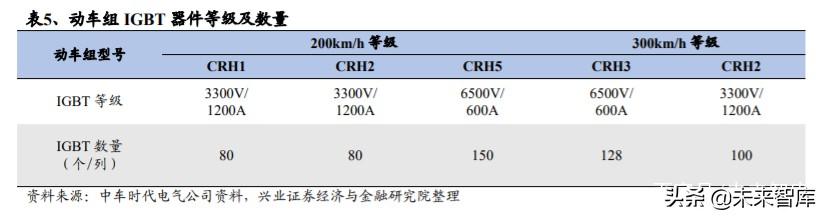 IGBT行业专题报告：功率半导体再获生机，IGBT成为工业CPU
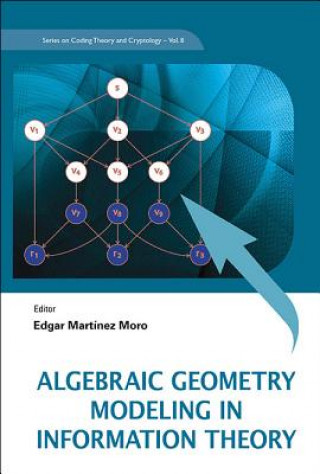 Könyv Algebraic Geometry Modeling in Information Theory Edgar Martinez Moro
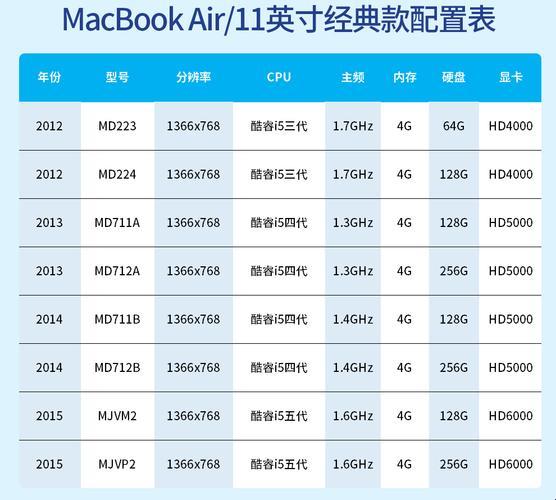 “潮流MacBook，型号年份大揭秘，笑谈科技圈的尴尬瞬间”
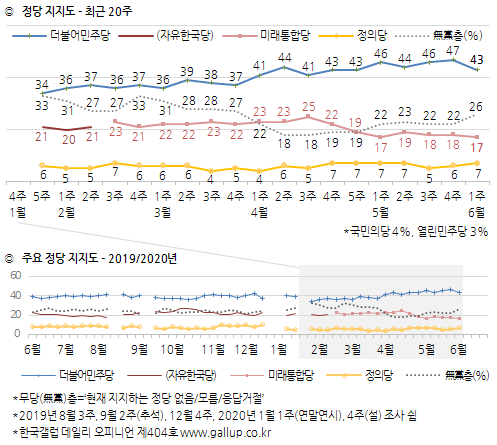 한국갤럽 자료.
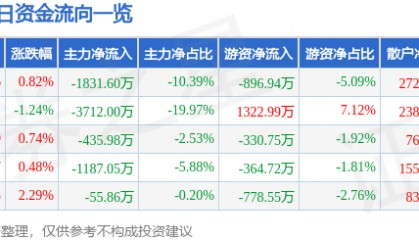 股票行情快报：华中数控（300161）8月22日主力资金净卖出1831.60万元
--
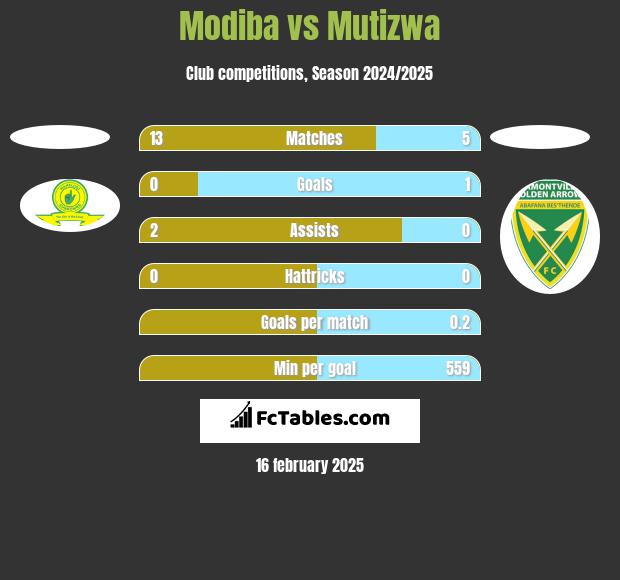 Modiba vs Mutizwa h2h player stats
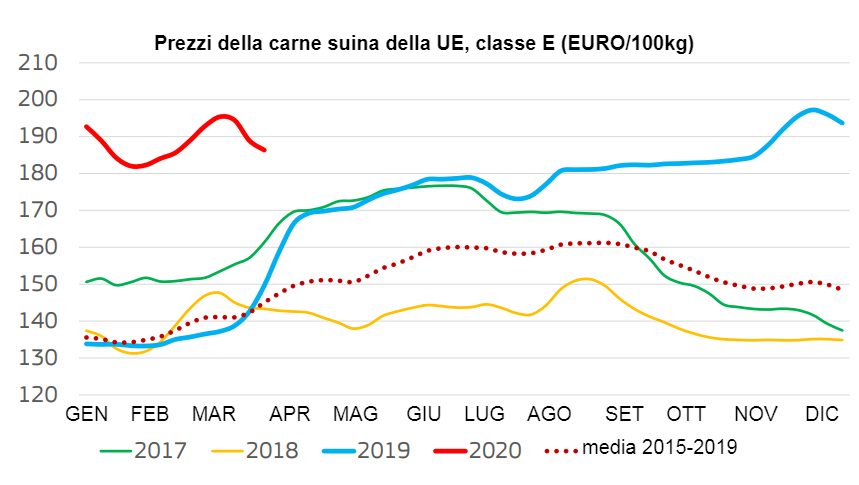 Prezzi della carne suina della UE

## Assigned task
While skipping the pictures, transcribe the data above from the line showing "Modiba vs Mutizwa h2h player stats" through the line showing "Prezzi della carne suina della UE", exactly and with both ends.

## Your response
 Modiba vs Mutizwa h2h player stats
 Prezzi della carne suina della UE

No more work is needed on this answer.